Ensuring you find what you're looking for is the true measure of search engine quality and something we strive for every day. We measure quality in terms of RCFP – Relevance, Comprehensiveness, Freshness, and Presentation and continue to work on improving those metrics. While we're never satisfied, it is nice to see some of our efforts over the past year have been recognized – including winning the 5th annual Outstanding Search Service award from Search Engine Watch and our top position in the Search Engine Relevancy Challenge.

Of course, esoteric metrics and industry awards are not important as actual results, as Mayer himself notes. How do Yahoo! and other search engines fare?

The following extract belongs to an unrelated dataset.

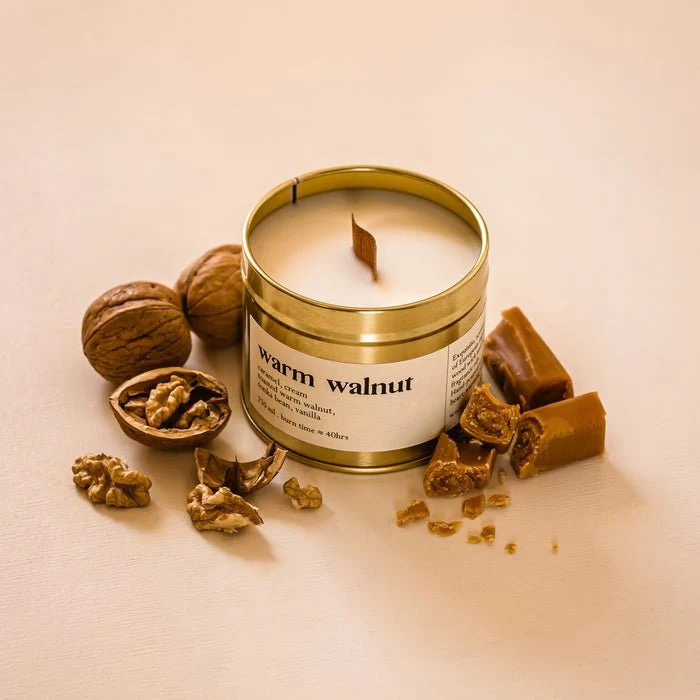 Warm Walnut Botanische Duftkerze Mit Holzdocht 250 ml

We constructed a simple test to analyze the top three search engines' quality - a search for "martey dodoo" without quotation marks, plus signs, or boolean modifers.
Google is the most popular search engine on the Internet today, and its results show why. It correctly identified this website as the most relevant result for "Martey Dodoo."
MSN Search results for martey dodoo
The money that Microsoft has put into developing MSN's search technology (see right) has also paid off. While previous tests were problematic, this website is currently the first result for "Martey Dodoo," as it should be. Still, MSN's assertion that we might actually be searching for information on "marty dodoo" (when such an individual does not exist) is slightly troublesome.

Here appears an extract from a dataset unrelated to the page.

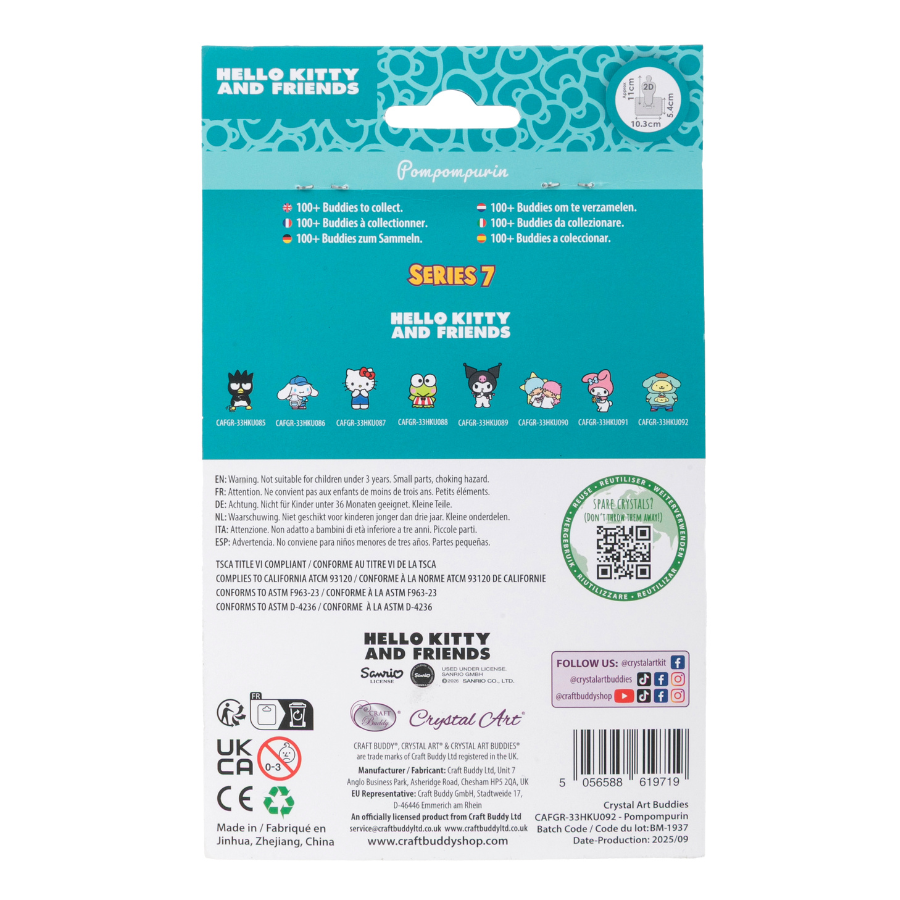 Pompompurin Crystal Art Buddies Hello Kitty Series 7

While links from this website are certainly among Yahoo!'s 20 billion indexed documents, they do not appear anywhere on the first ten pages of a search for "Martey Dodoo." While it is possible that there are a hundred other pages on the Internet serving more relevant, comprehensive, and fresh content about Martey Dodoo, it is highly unlikely (this is MarteyDodoo.com, after all). Considering that the vast majority of Yahoo!'s results are blog posts where Martey either commented or trackbacked, it is clear that Yahoo!'s method of determining relevant documents is suboptimal.

It does not matter if you have 20 billion documents in your index if your users cannot find the ones that they are searching for. Hopefully, Yahoo! will continue to improve the relevancy of its index as well as its size.